Exercise brief — Retype the listing below line for line, but only from the line with "A Casa Di Alessandra" down to the line with "2412 NE Boulderstone", inclusive. Pictures stay out.

Material for this task —
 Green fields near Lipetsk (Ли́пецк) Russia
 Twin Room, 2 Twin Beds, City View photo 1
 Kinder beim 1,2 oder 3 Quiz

--

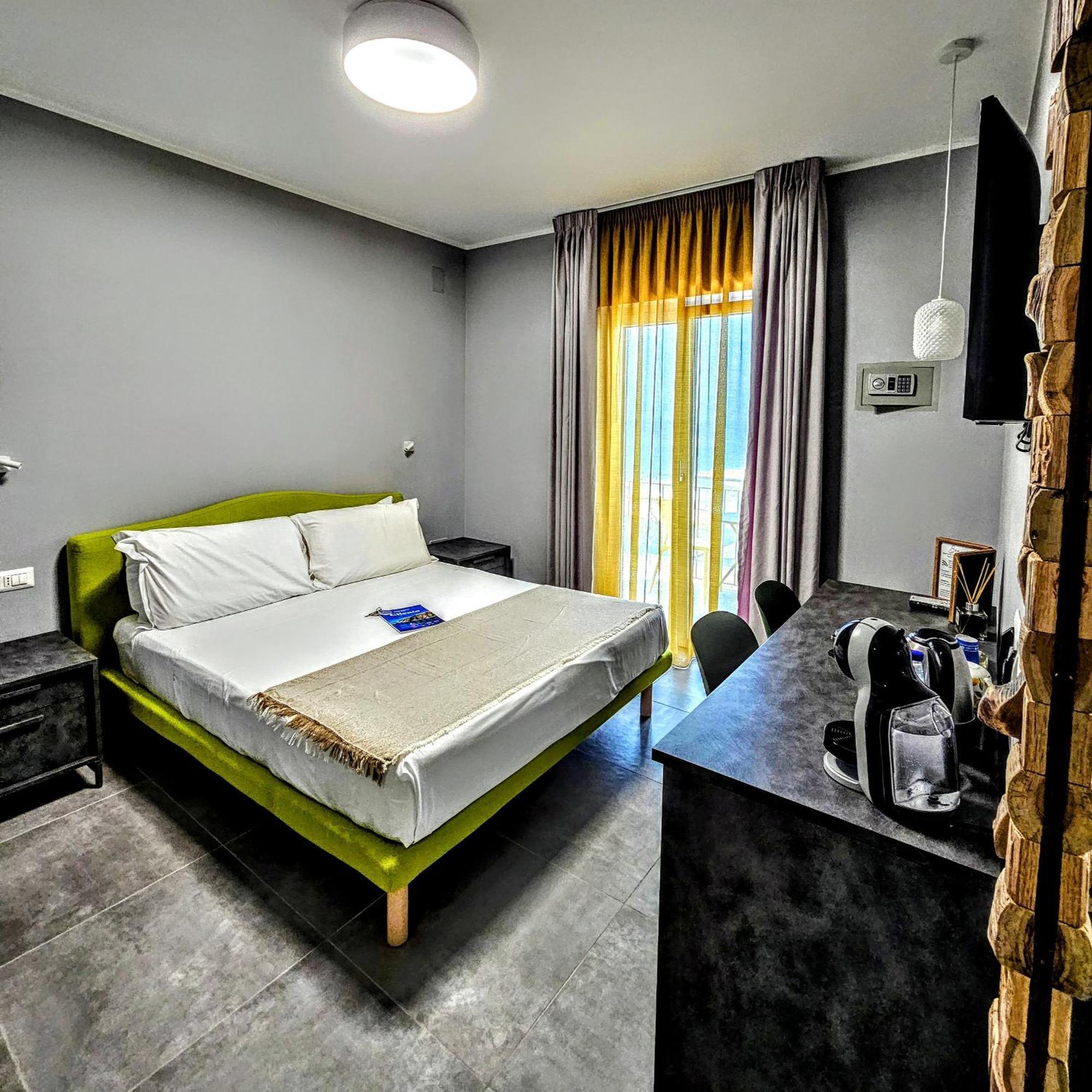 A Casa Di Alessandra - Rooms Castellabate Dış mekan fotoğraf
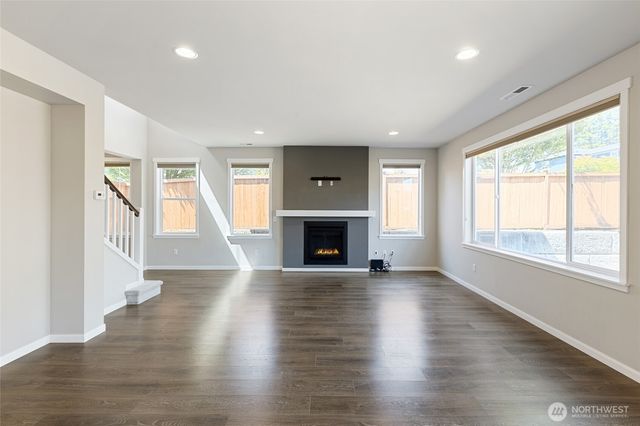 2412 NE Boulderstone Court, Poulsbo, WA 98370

* * *

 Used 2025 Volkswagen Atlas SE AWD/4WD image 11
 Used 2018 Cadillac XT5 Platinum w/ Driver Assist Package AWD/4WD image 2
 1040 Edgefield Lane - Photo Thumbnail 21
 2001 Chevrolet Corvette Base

Task output —
 A Casa Di Alessandra - Rooms Castellabate Dış mekan fotoğraf
 2412 NE Boulderstone Court, Poulsbo, WA 98370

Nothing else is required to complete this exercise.